:: Exercise inputs

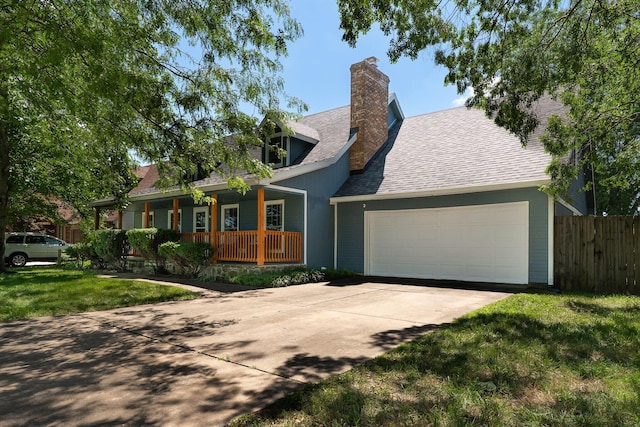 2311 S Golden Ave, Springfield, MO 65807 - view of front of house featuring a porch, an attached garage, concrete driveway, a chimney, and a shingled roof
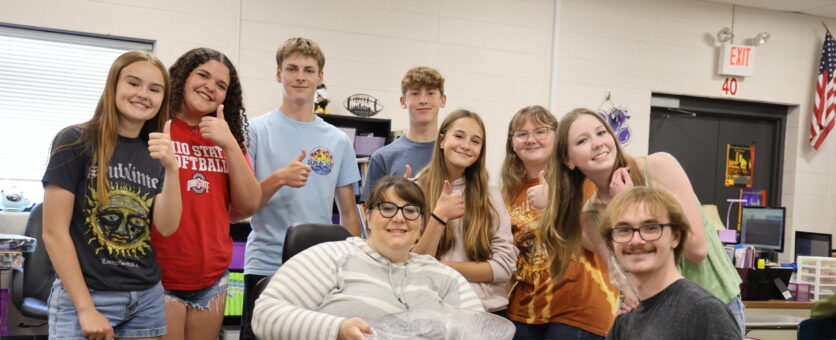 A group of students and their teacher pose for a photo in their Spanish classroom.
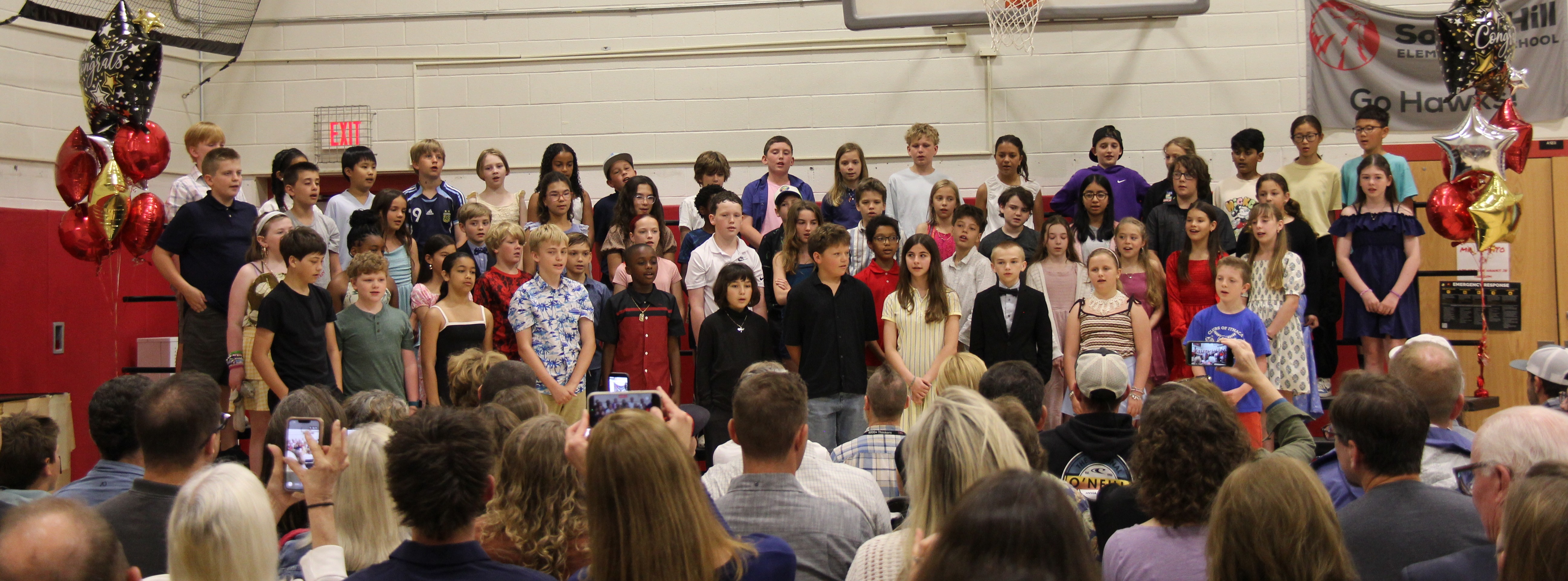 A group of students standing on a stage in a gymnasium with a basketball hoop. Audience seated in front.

::::
:: Exercise inputs

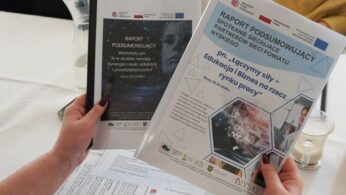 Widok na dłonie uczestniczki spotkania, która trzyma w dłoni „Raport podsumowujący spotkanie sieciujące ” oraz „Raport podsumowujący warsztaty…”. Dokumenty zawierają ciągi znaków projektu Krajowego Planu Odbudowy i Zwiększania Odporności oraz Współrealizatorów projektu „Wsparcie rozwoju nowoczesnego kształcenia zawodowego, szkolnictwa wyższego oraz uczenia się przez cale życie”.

::::

**Aim of the task**:
Exactly the lines starting at the one above with "2311 S Golden" and ending at the one with "A group of students standing" should be printed, and nothing else. Omit the pictures.

**Answer box**:
 2311 S Golden Ave, Springfield, MO 65807 - view of front of house featuring a porch, an attached garage, concrete driveway, a chimney, and a shingled roof
 A group of students and their teacher pose for a photo in their Spanish classroom.
 A group of students standing on a stage in a gymnasium with a basketball hoop. Audience seated in front.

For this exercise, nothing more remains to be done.